Missing critical instructions, such as failing to meet the submission deadline, may result in automatic failure of the coursework.
b) Marking Process:
The coursework will be assessed by the module tutor and postgraduate teaching assistants (PGTAs) through a first and second marking process.
c) Updates to Instructions:
Instructions may be revised or updated as necessary. Always ensure you download the latest version of the document and read it thoroughly before submission.
d) Research Aim and Objectives:
Ensure you have access to all necessary datasets before formulating your research aim and objectives.
e) Data Usage:
You may use multiple datasets from single or multiple sources for your analysis.
Avoid relying on data from individuals or organisations that may not provide it on time. Use publicly and freely available secondary data sources to design your project efficiently.
f) Blind Marking:
Do not include your name in any part of your submission. Use only your candidate number to ensure blind marking.

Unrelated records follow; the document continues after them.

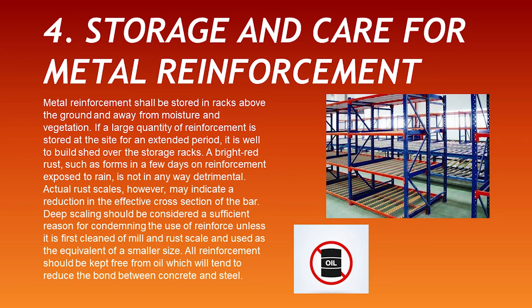Storage and care for metal reinforcement. Metal reinforcement shall be stored on racks above the ground and away from moisture and vegetation. If a large quantity of reinforcement is stored at a site for an extended period, it is well to build a shed over the storage racks. A bright red rust, such as forms in a few days on reinforcement exposed to rain, is not in any way detrimental. Actual rust scales, however, may indicate a reduction in the effective cross-section of the bar. Deep scaling should be considered sufficient reason for condemning the reinforcement unless it is first cleaned of mill and rust scale and used as the equivalent of a smaller size. All reinforcement should be kept free from oil, which will tend to reduce the bond between concrete and steel.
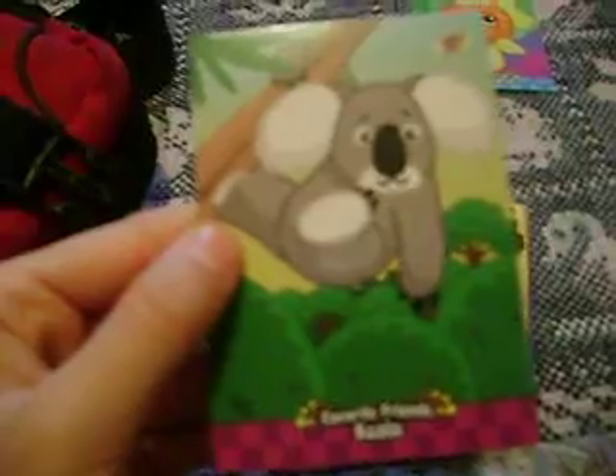And these are the Webkinz 3 trading cards. Two packs. This one is the Koala. This one is the Webkinz Zaki Zango Quest trophy.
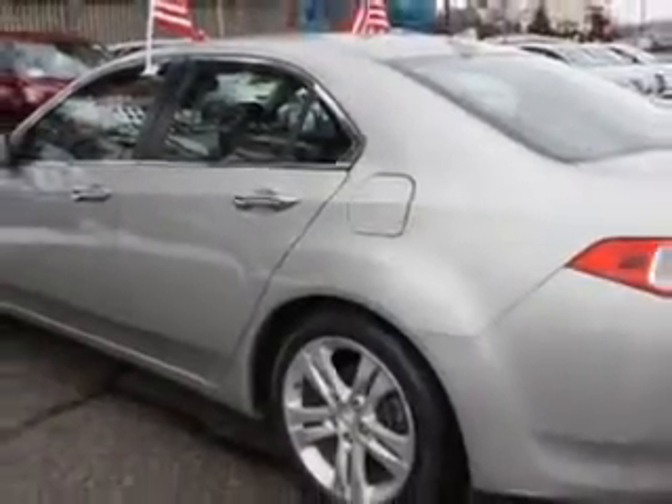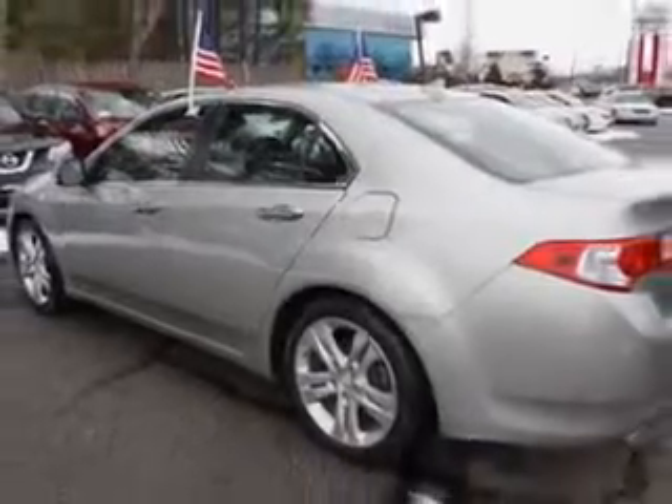And much more. Enjoy the drive and have peace of mind in this 2010 Acura TSX. See us at Edison Nissan today.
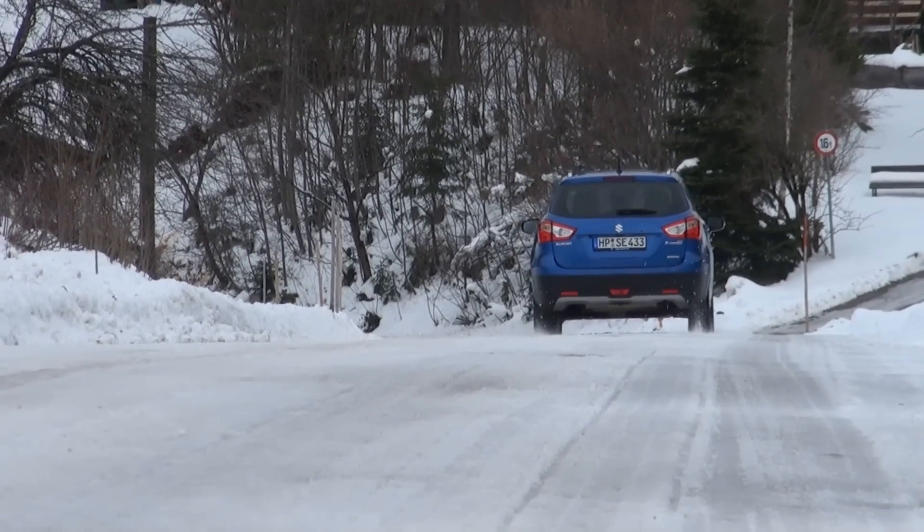Hello everyone, welcome to AutoGefühl. Today, this weekend, it's getting cold and snowy with the Suzuki SX4 S-Cross — the new compact crossover SUV, however you define it, from Suzuki.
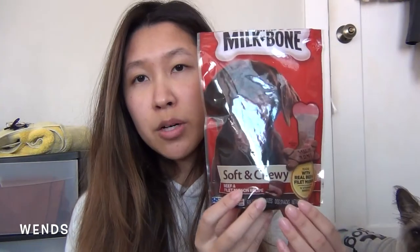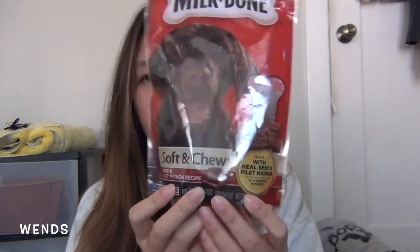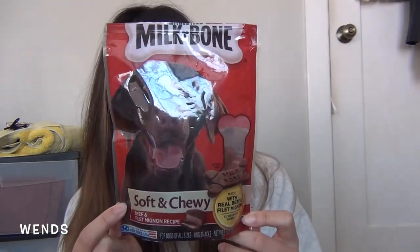We'll absolutely love this brand and get the next one in a different flavor to see if he likes it. Next are these Milk Bone treats — this is the soft one, in beef and filet mignon. I got this because he likes Milk Bones but he's kind of tired of the biscuit ones. I wanted to mix things up. Usually when I come home from work I'll give him one of these — they're bigger, like biscuit size.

8.1. Importance of Selecting an Appropriate Study Area for Landsat 8 Analysis
Selecting an appropriate study area is critical for ensuring the effectiveness and accuracy of the analysis when using Landsat 8 images. Several factors must be considered to optimise the results and minimise potential challenges:
a) Resolution of Landsat 8 Images:
Landsat 8 provides moderate spatial resolution, with most bands at 30 metres per pixel. This resolution is well-suited for analysing medium- sized cities or urban areas, as it captures significant patterns without overwhelming computational resources.

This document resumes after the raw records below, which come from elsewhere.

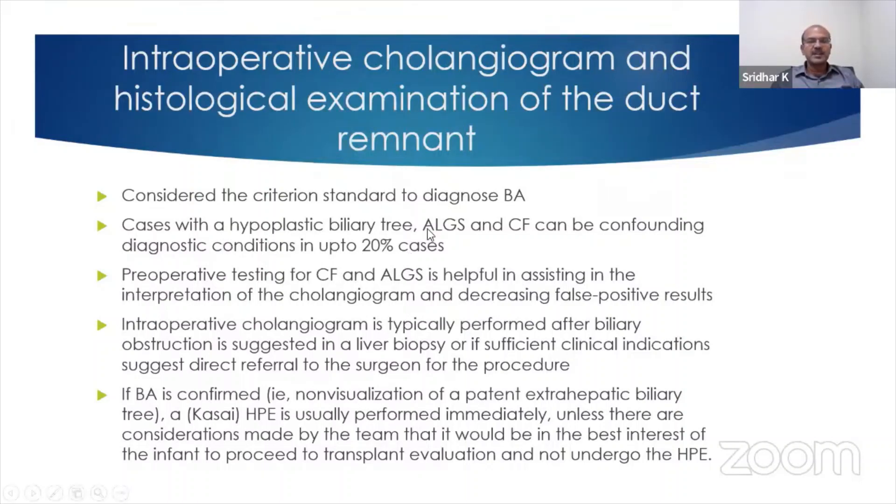Cases which have a hypoplastic biliary tree, like Alagille syndrome and cystic fibrosis, can be confounding in up to 20% of cases. So it's important that you rule out these two conditions before you actually take the patient to the OT.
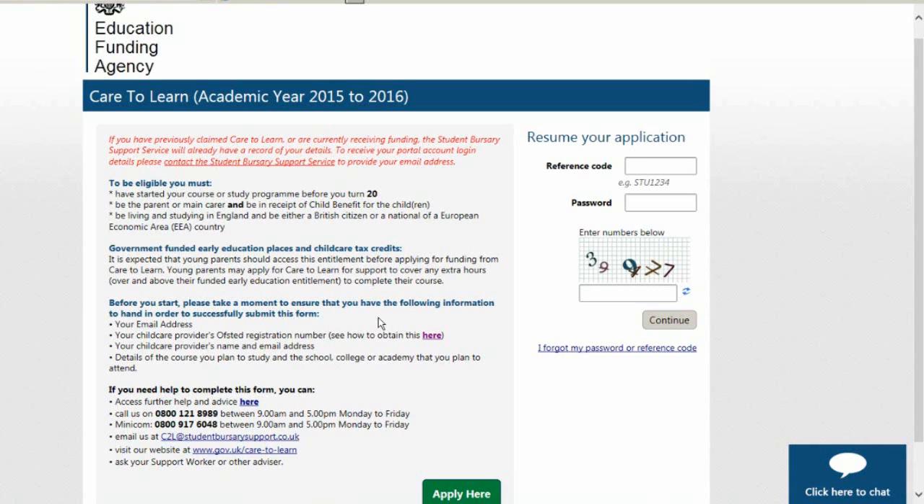Before you start your application form you will need your own details, including your email address. Providing an email address is an essential part of the application process and will allow you to manage your Care2Learn application online now and in the future. If you do not have an email address then please contact us for assistance.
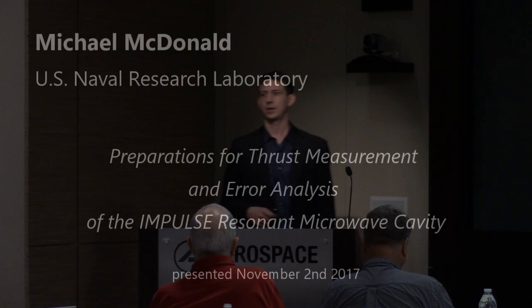Well, thank you all for coming. Can everyone hear me in the back? Is this a good volume? All right. So it's a pleasure to speak with you. I'm going to present today on a slightly different title.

Too Small Areas: If the study area is too small (e.g., a single neighbourhood), the resolution maybe insufficient to capture meaningful variations or details, leading to poor results.
Too Large Areas: Very large areas may require multiple scenes to cover the extent, increasing the complexity of data handling and analysis.
b) Extent of Change:
Medium-sized cities or urban areas experiencing noticeable land cover changes over time (e.g., urban expansion, deforestation, or disaster impacts) are ideal. Areas with minimal changes may not provide enough variability to analyse effectively.
c) Availability of Imagery:
Landsat 8 provides consistent coverage since 11 February 2013, but availability of cloud-free scenes can vary, especially in regions with frequent cloud cover. Choosing a location with accessible, clear imagery reduces the risk of gaps in analysis.
d) Dealing with Multiple Scenes:
If the study area spans multiple Landsat scenes, you must ensure proper mosaicking (using the ‘Merge’ tool) and alignment. This can introduce complexity and potential errors in analysis, especially for beginners.
e) Seasonal Variations:
Land cover can vary significantly with seasons, especially in areas affected by agriculture, vegetation cycles, or snow. Selecting imagery from comparable seasons (e.g., summer-to-summer comparisons) is crucial to avoid seasonal bias in the results.
f) Data Processing Complexity:
Large or complex areas might require advanced techniques, such as atmospheric correction or cloud masking, which can be resource- intensive. A balanced approach ensures that you can focus on meaningful analysis without being overwhelmed by data preparation.
By considering these factors, you can ensure that your chosen study area aligns well with the capabilities of Landsat 8 and the objectives of their analysis, leading to more accurate and meaningful results.